Data for processing:
^^^^^^^^^^^^^^^^

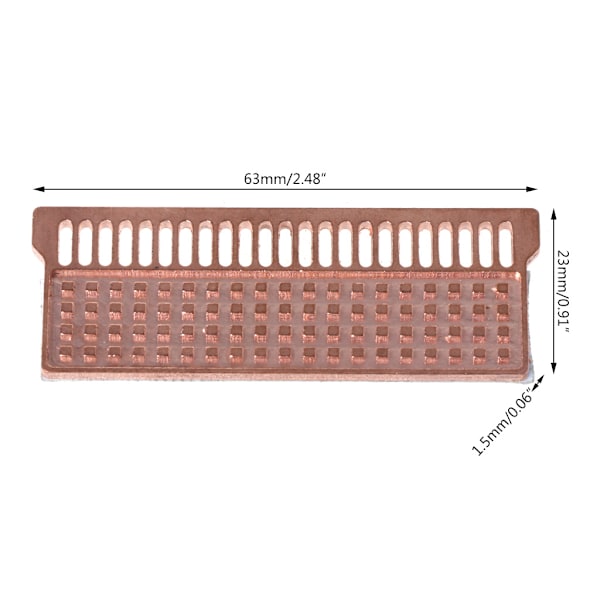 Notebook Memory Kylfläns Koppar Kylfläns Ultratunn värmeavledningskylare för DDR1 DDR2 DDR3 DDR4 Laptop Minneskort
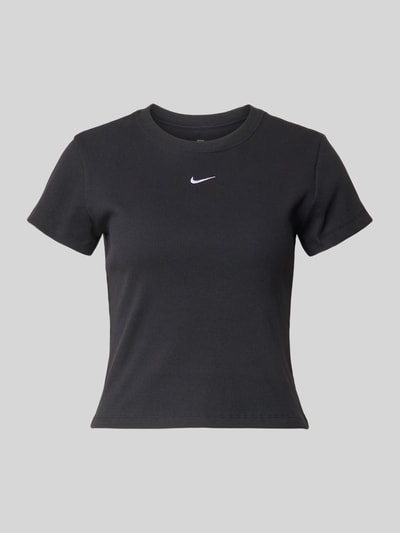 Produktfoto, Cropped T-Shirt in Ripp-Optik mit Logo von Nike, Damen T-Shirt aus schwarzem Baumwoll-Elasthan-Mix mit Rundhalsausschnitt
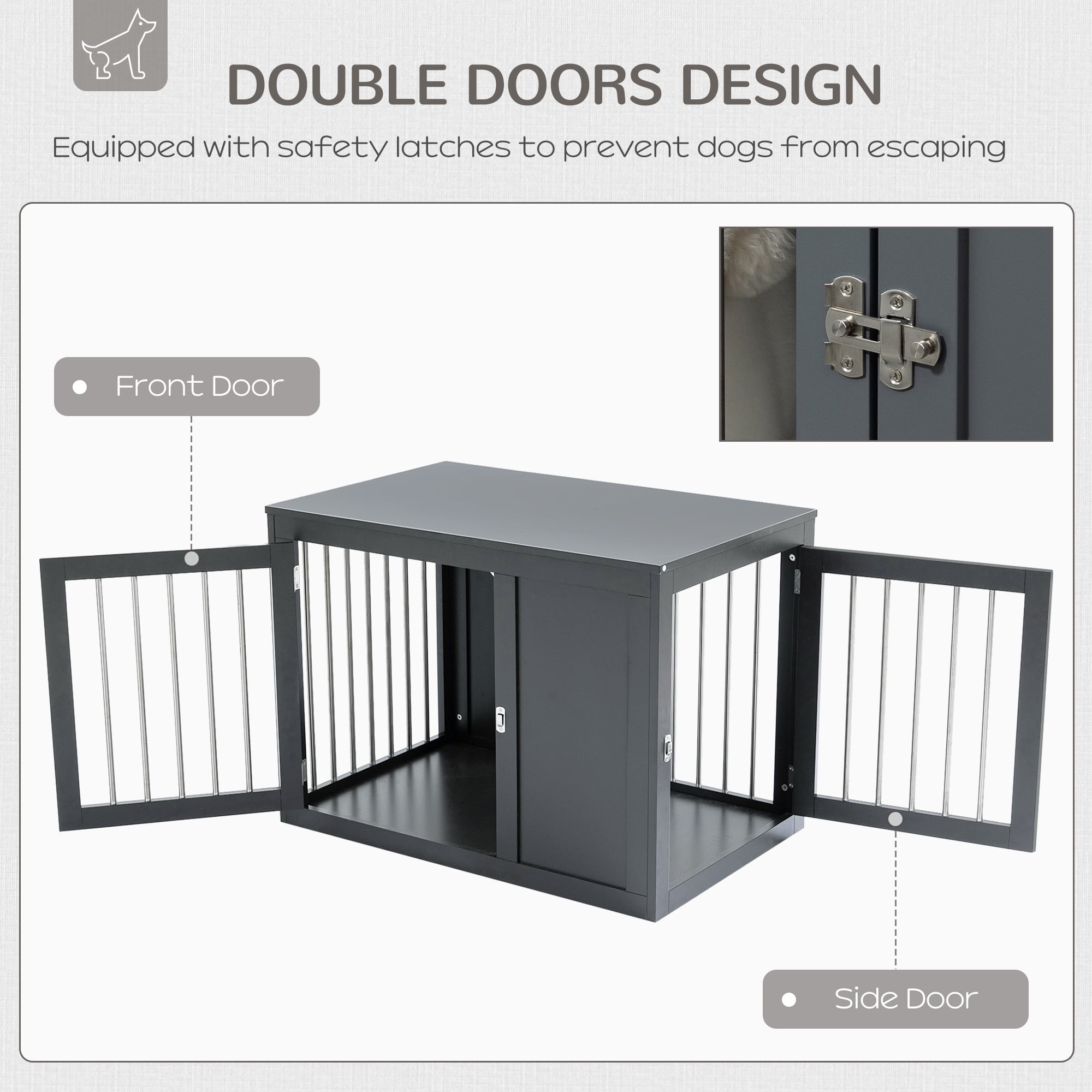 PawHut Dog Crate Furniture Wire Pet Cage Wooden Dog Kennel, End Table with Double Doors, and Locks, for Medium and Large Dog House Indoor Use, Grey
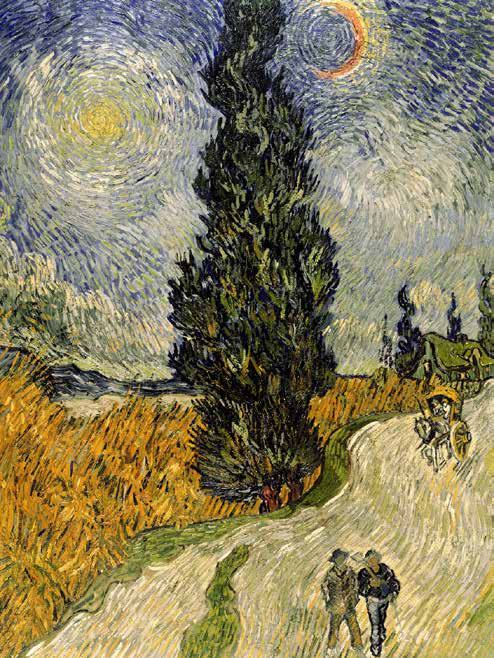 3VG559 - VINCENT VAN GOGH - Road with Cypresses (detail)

^^^^^^^^^^^^^^^^

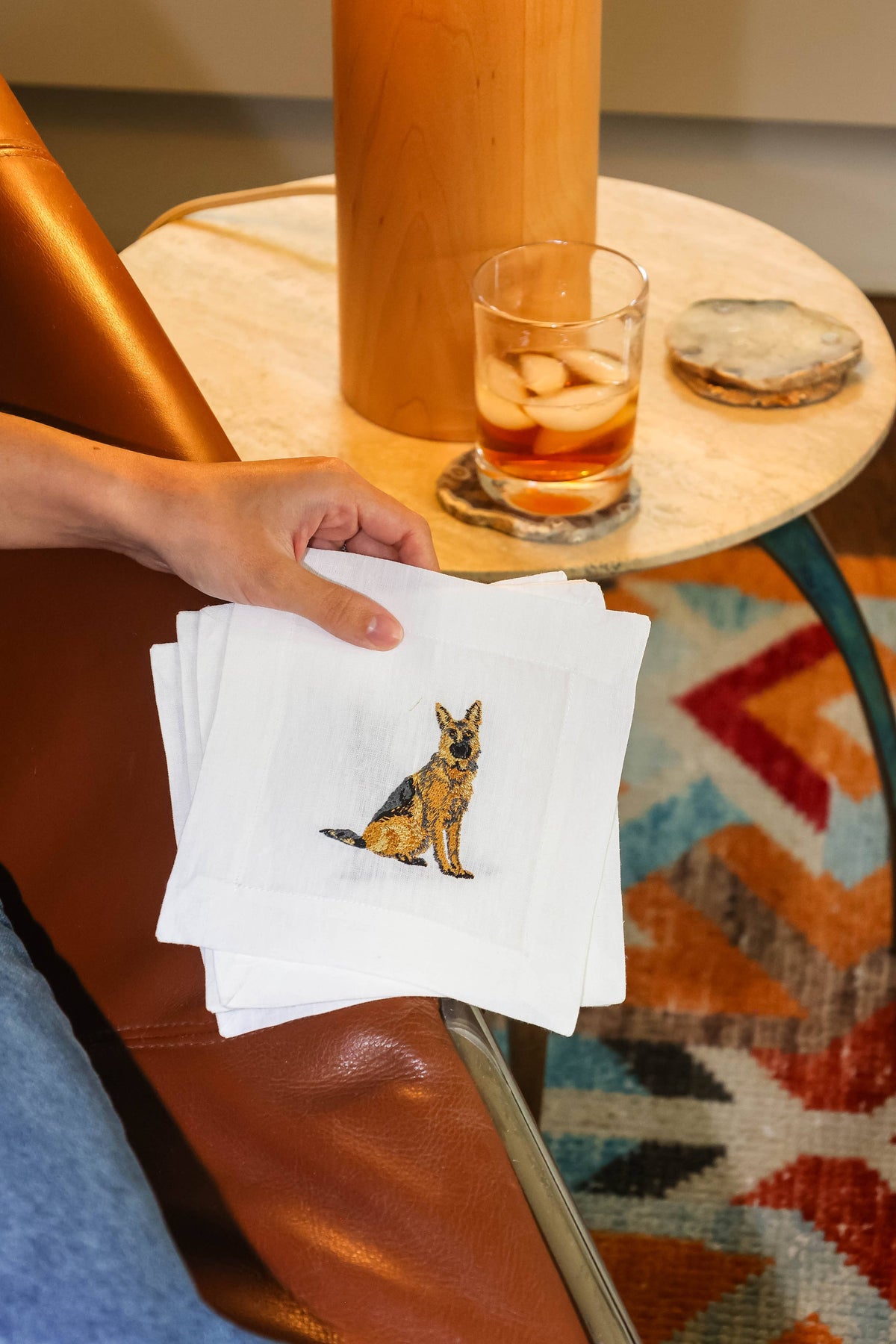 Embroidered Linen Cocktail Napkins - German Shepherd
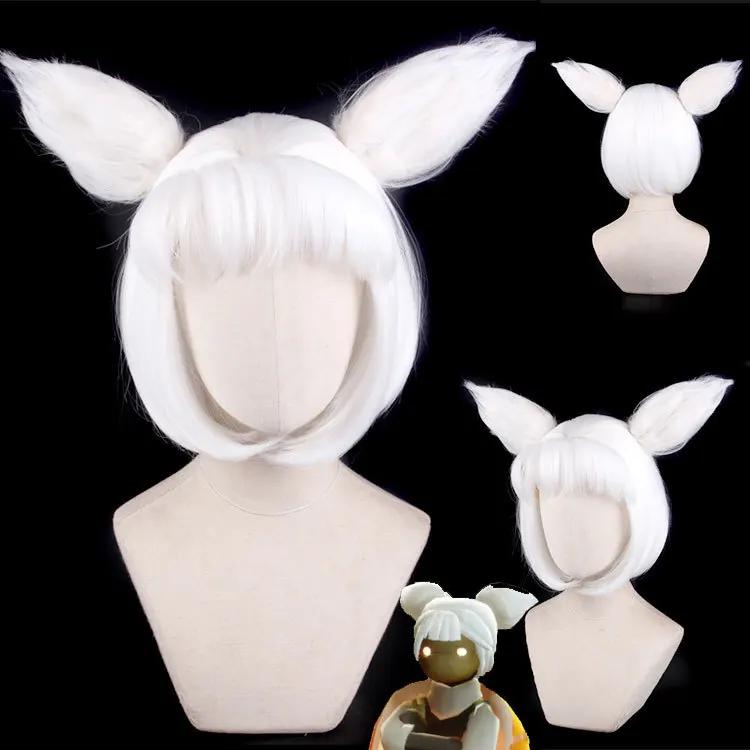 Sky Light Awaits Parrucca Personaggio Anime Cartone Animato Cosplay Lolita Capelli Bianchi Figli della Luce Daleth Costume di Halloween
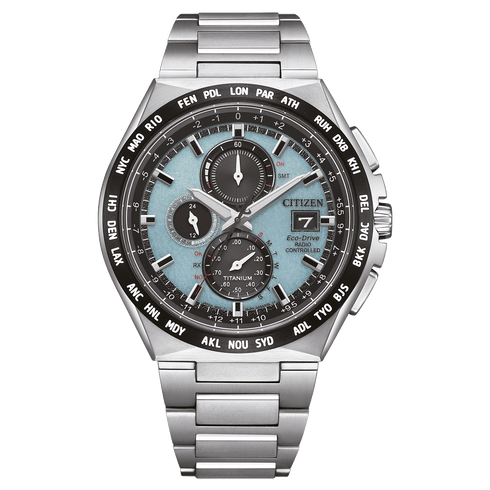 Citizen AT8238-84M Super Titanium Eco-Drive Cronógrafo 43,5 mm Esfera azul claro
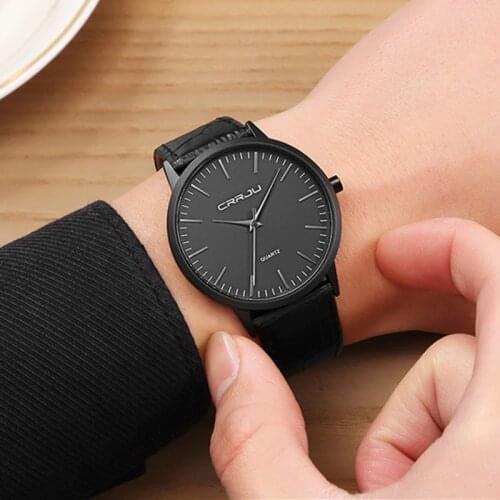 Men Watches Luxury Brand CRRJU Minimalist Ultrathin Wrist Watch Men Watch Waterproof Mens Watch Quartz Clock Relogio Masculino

^^^^^^^^^^^^^^^^

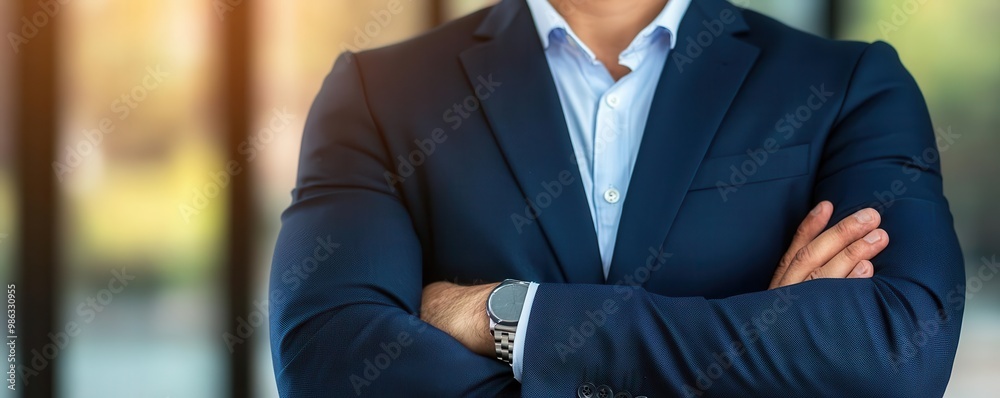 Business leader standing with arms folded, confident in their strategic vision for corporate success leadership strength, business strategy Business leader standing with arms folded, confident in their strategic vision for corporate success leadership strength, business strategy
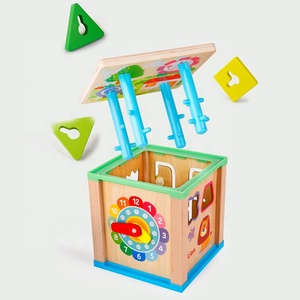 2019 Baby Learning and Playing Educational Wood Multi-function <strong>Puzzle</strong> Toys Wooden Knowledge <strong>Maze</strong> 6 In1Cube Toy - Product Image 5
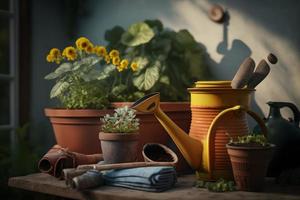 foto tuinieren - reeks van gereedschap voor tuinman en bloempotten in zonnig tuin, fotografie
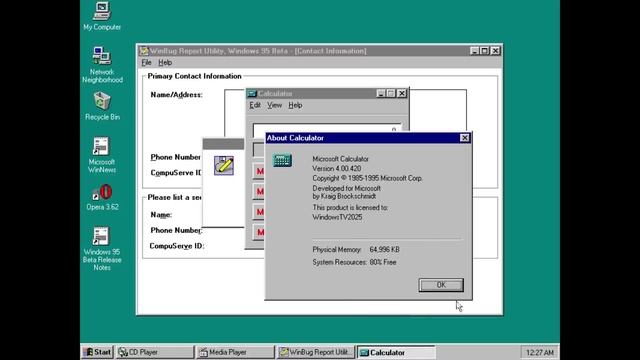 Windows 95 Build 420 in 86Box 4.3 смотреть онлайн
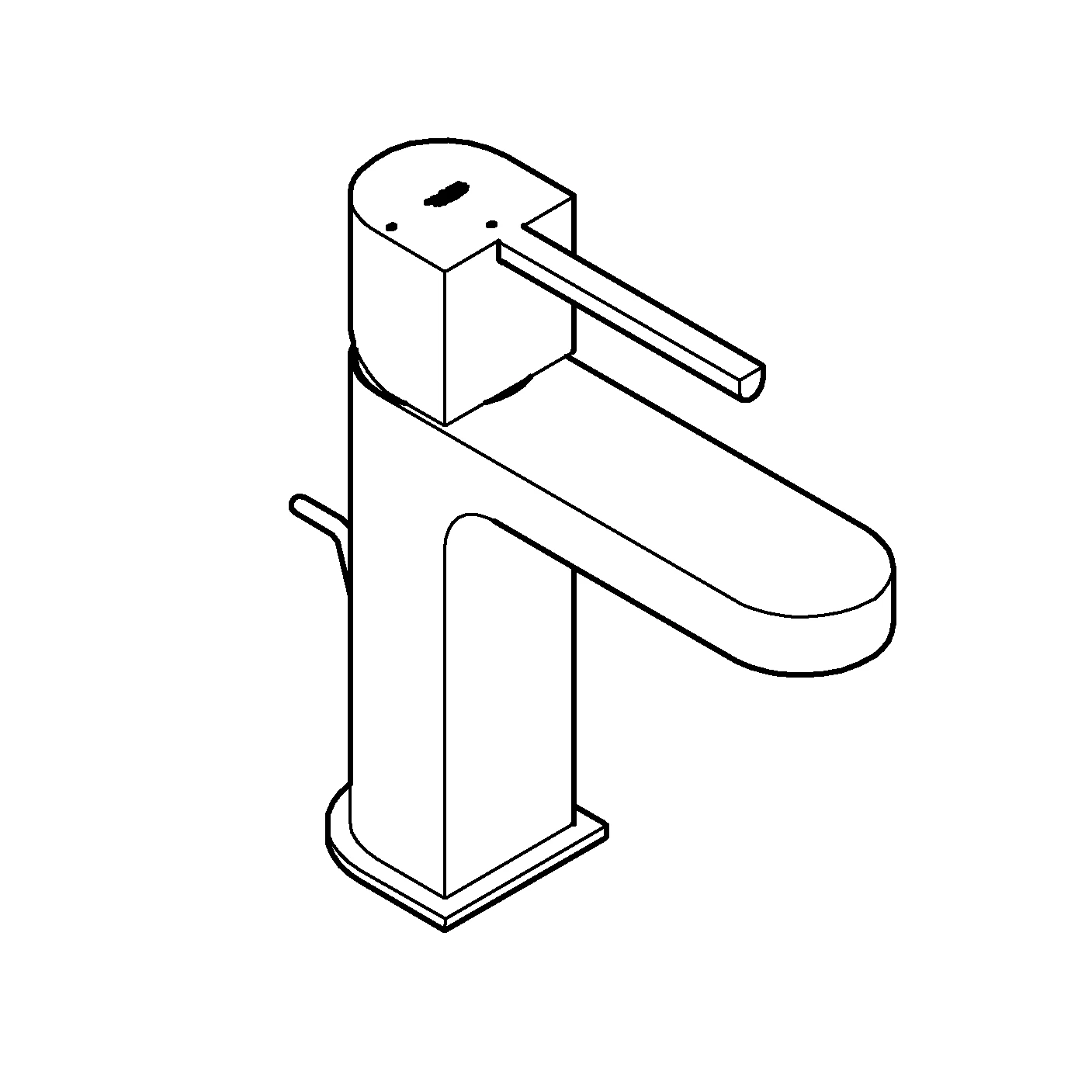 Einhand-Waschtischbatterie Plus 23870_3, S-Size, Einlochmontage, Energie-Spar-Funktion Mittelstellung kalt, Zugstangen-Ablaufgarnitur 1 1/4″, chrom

^^^^^^^^^^^^^^^^

Every line above in the stretch from the one with "Windows 95 Build" through the one with "1 1/4″, chrom" is to be transcribed exactly, ends included. No picture is copied.

Answer for the task:
 Windows 95 Build 420 in 86Box 4.3 смотреть онлайн
 Einhand-Waschtischbatterie Plus 23870_3, S-Size, Einlochmontage, Energie-Spar-Funktion Mittelstellung kalt, Zugstangen-Ablaufgarnitur 1 1/4″, chrom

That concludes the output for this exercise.